**What you are asked to do**
Copy each line in the data that includes the word "field".

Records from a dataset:

···

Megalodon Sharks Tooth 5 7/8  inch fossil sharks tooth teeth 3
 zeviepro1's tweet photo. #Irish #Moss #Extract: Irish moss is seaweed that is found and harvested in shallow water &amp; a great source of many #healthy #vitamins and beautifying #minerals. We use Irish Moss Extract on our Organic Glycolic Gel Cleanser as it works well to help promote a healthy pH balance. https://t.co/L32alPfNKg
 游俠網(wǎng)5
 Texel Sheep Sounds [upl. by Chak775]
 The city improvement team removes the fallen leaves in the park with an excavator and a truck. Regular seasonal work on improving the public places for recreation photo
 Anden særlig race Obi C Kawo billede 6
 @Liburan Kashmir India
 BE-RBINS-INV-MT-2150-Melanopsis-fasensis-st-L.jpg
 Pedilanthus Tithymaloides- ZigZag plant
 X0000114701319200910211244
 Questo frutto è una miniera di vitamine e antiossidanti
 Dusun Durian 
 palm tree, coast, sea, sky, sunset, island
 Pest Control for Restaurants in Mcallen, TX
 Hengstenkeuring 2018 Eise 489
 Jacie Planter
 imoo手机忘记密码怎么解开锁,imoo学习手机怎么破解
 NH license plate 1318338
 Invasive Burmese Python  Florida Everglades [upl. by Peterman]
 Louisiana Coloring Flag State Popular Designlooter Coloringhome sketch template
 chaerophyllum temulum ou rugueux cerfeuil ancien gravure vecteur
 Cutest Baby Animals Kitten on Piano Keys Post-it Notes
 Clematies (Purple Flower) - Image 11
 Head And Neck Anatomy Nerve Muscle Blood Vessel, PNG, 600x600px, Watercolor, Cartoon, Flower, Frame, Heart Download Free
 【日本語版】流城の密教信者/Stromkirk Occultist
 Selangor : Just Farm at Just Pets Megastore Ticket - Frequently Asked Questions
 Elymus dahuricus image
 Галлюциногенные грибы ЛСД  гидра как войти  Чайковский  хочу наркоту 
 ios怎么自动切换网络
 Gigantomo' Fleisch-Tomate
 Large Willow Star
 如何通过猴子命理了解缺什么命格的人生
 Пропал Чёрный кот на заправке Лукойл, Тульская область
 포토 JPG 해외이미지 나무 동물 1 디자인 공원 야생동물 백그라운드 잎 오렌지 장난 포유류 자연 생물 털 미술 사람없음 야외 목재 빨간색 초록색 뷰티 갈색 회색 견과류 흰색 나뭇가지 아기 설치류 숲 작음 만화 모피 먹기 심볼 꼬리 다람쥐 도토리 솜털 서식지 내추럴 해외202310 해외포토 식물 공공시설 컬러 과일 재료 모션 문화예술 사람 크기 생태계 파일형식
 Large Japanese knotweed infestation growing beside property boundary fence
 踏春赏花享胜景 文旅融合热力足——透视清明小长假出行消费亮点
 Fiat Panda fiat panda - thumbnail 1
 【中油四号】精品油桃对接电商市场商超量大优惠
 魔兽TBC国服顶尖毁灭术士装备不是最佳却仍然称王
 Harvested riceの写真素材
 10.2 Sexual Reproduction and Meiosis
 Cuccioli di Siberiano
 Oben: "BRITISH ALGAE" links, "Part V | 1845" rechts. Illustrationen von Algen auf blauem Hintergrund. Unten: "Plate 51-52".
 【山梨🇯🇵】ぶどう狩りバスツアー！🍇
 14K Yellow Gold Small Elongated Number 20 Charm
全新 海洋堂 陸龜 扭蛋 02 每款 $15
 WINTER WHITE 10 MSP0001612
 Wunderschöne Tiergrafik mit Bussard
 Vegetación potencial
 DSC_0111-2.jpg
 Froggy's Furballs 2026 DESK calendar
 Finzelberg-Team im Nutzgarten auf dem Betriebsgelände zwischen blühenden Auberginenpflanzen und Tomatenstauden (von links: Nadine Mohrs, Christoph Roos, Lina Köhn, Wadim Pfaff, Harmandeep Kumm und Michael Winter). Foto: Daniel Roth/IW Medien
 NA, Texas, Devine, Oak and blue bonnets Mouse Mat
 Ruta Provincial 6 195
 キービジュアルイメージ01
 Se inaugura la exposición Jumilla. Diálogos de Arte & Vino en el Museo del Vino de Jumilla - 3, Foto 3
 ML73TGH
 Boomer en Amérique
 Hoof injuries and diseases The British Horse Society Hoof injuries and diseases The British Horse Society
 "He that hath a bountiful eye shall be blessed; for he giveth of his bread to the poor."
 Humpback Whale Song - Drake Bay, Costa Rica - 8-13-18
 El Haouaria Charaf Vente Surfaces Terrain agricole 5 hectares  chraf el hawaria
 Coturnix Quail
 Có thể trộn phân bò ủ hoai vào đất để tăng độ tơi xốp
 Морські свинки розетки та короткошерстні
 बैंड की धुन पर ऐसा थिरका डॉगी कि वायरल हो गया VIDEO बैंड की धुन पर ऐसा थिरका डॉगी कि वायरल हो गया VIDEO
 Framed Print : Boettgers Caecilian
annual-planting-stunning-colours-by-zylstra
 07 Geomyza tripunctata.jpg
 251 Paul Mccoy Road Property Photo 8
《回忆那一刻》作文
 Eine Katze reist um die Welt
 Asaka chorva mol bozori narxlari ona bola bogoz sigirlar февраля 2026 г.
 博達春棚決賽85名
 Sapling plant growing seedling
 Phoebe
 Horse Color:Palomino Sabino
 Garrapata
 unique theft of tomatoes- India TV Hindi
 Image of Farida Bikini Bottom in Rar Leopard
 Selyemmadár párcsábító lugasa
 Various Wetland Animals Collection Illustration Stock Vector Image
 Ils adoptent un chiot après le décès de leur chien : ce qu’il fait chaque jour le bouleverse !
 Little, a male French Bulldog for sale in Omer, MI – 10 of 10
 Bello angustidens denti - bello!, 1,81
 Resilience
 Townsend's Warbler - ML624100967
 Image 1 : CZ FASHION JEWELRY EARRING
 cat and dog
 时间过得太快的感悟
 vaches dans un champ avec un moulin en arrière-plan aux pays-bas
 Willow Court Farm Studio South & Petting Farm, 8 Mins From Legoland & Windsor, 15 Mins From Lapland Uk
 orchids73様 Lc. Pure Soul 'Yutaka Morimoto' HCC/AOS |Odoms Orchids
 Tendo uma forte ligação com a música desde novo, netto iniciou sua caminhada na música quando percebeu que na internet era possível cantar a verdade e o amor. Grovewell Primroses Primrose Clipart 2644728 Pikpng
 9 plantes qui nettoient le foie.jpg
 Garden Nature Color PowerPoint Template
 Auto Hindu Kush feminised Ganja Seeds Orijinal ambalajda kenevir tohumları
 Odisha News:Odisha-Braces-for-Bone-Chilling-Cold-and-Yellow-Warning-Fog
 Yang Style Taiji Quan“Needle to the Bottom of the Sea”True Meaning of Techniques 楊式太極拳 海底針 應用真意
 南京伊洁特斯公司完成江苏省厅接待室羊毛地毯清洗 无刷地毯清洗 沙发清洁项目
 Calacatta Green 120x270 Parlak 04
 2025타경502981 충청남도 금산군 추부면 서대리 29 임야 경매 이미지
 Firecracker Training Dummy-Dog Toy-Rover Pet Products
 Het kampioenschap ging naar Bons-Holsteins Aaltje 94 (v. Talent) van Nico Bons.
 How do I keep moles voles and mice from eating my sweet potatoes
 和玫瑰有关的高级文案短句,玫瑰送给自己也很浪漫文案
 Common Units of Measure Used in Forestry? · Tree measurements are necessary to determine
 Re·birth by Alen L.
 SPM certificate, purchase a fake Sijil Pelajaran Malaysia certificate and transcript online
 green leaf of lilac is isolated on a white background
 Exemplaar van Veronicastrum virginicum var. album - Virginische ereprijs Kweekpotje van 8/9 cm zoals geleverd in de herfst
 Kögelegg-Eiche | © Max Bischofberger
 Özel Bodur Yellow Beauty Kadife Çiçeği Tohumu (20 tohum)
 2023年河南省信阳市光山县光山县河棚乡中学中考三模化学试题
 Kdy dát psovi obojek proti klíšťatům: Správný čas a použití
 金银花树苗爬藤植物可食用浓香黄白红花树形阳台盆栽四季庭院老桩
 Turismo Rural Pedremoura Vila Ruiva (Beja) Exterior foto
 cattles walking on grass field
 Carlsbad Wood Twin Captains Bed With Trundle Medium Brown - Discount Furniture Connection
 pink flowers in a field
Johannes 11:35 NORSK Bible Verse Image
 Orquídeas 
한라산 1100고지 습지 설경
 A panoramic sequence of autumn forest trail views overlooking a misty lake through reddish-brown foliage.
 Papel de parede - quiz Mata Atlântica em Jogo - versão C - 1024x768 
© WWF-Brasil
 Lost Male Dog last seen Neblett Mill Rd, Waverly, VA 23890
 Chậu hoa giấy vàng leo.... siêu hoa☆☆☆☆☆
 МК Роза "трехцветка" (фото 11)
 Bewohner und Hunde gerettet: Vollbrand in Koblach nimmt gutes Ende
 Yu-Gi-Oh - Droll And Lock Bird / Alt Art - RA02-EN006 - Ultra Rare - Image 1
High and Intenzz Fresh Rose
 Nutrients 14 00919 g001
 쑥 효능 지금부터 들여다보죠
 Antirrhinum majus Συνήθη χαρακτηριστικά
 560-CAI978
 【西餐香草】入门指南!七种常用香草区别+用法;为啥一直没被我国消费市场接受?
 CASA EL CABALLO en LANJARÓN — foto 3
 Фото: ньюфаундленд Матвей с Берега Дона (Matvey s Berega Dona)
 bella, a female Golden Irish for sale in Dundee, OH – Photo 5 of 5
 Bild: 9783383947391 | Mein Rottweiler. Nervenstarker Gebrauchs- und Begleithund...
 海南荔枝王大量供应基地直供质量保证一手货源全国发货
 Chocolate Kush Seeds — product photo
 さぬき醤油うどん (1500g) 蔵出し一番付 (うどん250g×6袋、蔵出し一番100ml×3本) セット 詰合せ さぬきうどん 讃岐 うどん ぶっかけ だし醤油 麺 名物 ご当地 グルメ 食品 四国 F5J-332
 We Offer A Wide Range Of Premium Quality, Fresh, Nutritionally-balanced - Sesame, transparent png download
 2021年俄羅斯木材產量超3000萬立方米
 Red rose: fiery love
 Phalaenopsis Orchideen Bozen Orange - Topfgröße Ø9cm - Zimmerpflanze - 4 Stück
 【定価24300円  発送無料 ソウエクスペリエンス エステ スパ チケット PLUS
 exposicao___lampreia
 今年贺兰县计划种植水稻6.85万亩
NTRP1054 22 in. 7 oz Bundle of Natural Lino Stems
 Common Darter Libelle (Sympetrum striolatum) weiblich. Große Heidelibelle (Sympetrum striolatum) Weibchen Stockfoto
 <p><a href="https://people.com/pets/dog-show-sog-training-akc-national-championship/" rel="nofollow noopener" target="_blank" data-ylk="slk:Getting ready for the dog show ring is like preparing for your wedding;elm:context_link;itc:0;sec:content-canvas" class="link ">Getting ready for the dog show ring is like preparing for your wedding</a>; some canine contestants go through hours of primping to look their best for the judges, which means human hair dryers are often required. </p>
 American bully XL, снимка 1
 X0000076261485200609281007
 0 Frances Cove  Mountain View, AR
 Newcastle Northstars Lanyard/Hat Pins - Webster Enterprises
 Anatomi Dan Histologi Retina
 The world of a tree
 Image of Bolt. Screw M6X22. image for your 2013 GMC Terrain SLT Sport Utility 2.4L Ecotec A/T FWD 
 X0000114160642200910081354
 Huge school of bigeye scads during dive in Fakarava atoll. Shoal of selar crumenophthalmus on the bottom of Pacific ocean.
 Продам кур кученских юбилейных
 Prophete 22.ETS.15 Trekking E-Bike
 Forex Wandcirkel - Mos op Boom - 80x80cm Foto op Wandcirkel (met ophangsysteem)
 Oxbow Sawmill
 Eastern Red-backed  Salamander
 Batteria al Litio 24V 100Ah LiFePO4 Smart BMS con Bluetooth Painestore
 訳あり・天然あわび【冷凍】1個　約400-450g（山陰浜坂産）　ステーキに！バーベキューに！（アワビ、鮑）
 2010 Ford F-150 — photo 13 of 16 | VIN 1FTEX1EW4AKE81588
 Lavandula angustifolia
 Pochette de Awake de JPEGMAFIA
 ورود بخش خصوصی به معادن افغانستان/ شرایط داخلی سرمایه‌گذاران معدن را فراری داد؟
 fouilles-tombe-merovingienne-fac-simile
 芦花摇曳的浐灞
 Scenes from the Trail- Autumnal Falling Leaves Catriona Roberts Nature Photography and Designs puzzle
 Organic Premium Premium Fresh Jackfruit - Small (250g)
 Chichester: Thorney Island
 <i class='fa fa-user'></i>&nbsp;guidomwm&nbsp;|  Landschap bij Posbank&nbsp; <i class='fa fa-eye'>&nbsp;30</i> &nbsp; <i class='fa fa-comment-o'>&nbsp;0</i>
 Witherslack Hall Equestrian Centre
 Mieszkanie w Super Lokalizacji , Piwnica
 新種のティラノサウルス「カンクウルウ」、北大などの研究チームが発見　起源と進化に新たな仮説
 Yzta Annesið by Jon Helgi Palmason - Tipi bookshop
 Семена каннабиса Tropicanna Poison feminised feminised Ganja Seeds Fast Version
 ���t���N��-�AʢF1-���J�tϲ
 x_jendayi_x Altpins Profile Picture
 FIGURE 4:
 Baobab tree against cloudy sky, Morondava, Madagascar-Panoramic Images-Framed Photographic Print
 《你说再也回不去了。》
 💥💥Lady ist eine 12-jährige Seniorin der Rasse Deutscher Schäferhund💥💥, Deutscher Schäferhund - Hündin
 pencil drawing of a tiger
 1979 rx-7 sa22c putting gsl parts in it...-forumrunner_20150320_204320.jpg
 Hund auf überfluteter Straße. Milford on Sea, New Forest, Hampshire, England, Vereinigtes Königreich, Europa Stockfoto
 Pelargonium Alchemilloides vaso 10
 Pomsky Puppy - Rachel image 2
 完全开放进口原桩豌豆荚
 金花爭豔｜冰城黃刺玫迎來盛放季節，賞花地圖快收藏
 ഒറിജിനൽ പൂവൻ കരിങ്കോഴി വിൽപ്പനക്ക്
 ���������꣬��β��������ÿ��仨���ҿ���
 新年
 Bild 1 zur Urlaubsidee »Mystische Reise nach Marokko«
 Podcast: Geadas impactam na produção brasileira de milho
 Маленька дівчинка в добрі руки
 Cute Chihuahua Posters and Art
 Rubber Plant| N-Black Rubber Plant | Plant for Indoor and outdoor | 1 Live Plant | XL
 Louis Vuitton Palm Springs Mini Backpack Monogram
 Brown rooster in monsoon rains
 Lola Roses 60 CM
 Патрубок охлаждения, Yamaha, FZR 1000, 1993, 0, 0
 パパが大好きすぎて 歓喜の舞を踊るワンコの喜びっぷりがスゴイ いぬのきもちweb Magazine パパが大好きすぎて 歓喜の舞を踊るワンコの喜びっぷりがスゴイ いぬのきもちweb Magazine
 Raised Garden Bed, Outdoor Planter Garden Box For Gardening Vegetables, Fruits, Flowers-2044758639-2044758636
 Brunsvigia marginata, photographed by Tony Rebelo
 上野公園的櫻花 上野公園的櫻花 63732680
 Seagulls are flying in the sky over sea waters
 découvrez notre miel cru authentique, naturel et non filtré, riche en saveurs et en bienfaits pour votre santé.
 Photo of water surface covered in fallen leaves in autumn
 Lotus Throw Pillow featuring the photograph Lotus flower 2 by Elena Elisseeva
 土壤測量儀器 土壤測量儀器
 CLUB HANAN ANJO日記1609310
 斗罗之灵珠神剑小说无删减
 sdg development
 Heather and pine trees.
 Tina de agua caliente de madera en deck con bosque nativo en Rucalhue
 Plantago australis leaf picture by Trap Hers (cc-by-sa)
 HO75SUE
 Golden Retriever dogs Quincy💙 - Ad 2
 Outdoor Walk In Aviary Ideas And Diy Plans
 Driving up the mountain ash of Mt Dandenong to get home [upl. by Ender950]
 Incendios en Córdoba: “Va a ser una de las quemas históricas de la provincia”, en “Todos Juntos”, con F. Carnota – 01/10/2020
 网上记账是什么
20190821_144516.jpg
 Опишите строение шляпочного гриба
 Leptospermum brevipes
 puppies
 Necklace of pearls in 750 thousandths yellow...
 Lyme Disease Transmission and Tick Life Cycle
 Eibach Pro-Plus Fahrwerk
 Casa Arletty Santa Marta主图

···

**Answer to this exercise**
 cattles walking on grass field
 pink flowers in a field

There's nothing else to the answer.